**Your task**:
Please repeat the lines below, exactly and only, from the one that holds "How to download" through the one that holds "Liquid Leather™ Sheen".

**Input for this task**:
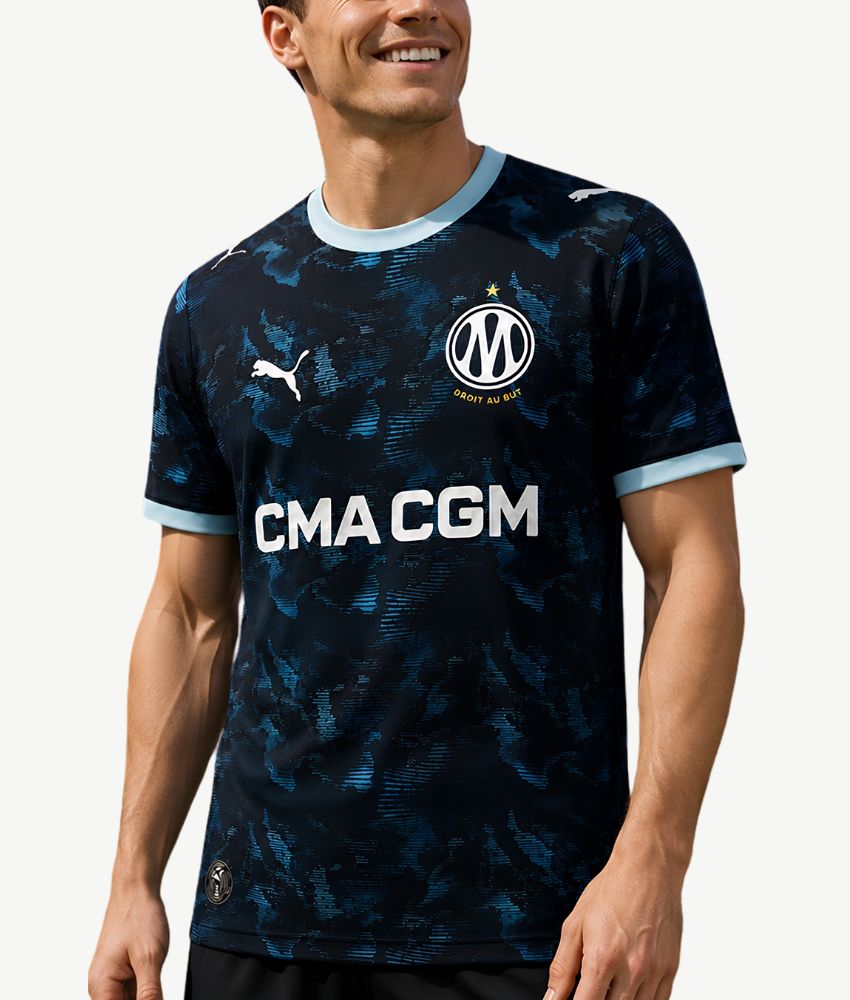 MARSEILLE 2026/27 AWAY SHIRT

...

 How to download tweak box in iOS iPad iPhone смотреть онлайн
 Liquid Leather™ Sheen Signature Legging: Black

---

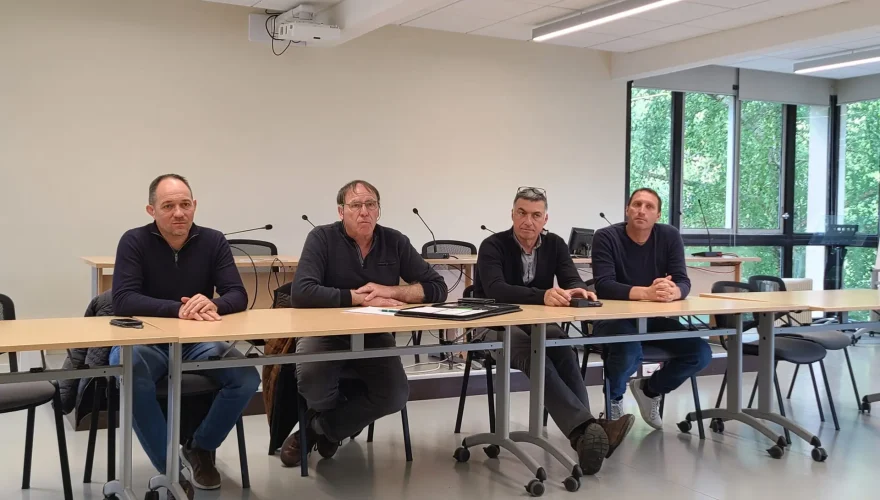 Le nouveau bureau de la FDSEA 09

**Exercise output**:
 How to download tweak box in iOS iPad iPhone смотреть онлайн
 Liquid Leather™ Sheen Signature Legging: Black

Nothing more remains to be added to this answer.